> [BRIEF] Drop every picture and give the entries back exactly.

> [GIVEN DATA]
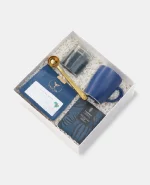 Coffee Lover - Atiyabox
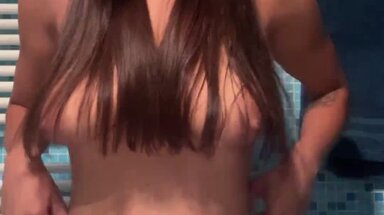 Mel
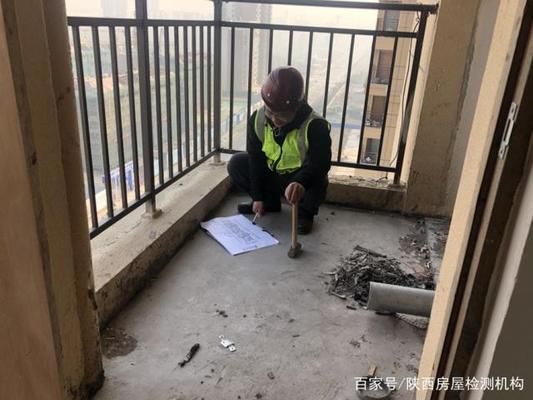 墙体承重检测 建筑施工图设计 第1张 墙体承重检测 建筑施工图设计 第1张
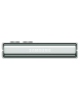 Mynd af Galaxy Z Flip5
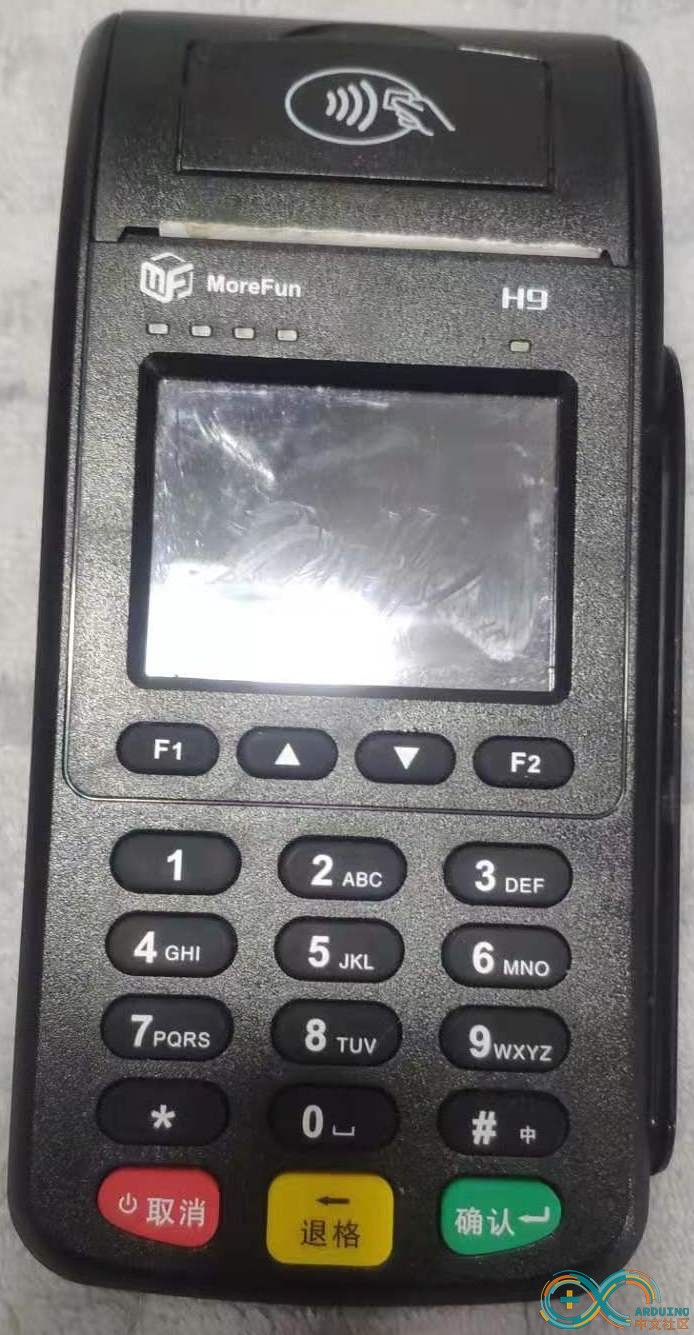 1.jpg
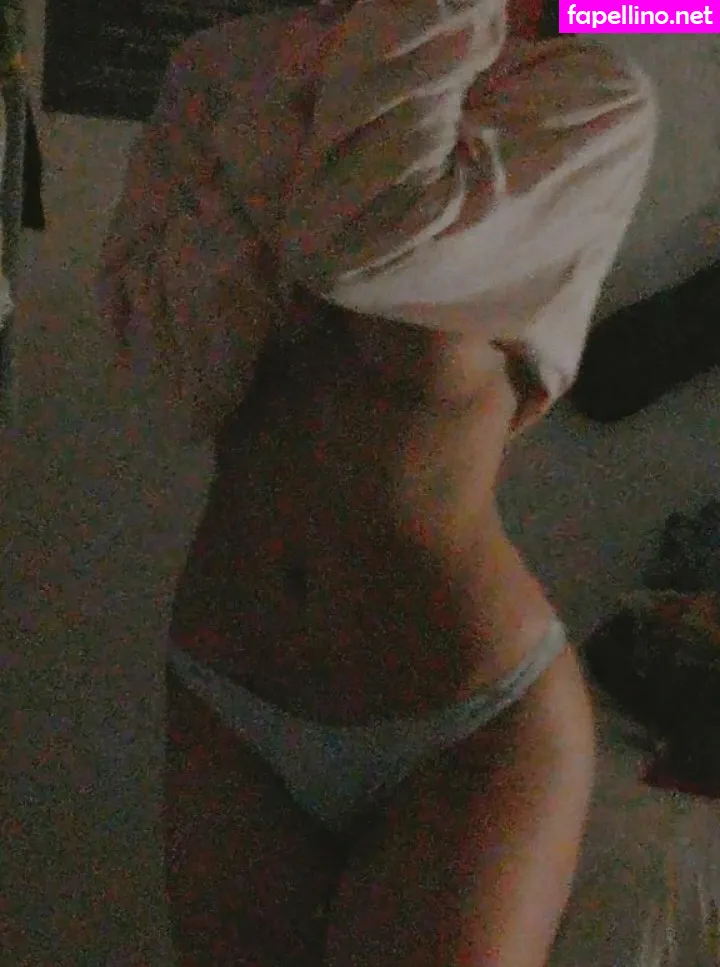 clementinelea, clemyclue8811, yourclem Nude Leaked OnlyFans Photo #Nz5x88DOO2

> [SOLUTION TO THE PROBLEM]
 Coffee Lover - Atiyabox
 Mel
 墙体承重检测 建筑施工图设计 第1张 墙体承重检测 建筑施工图设计 第1张
 Mynd af Galaxy Z Flip5
 1.jpg
 clementinelea, clemyclue8811, yourclem Nude Leaked OnlyFans Photo #Nz5x88DOO2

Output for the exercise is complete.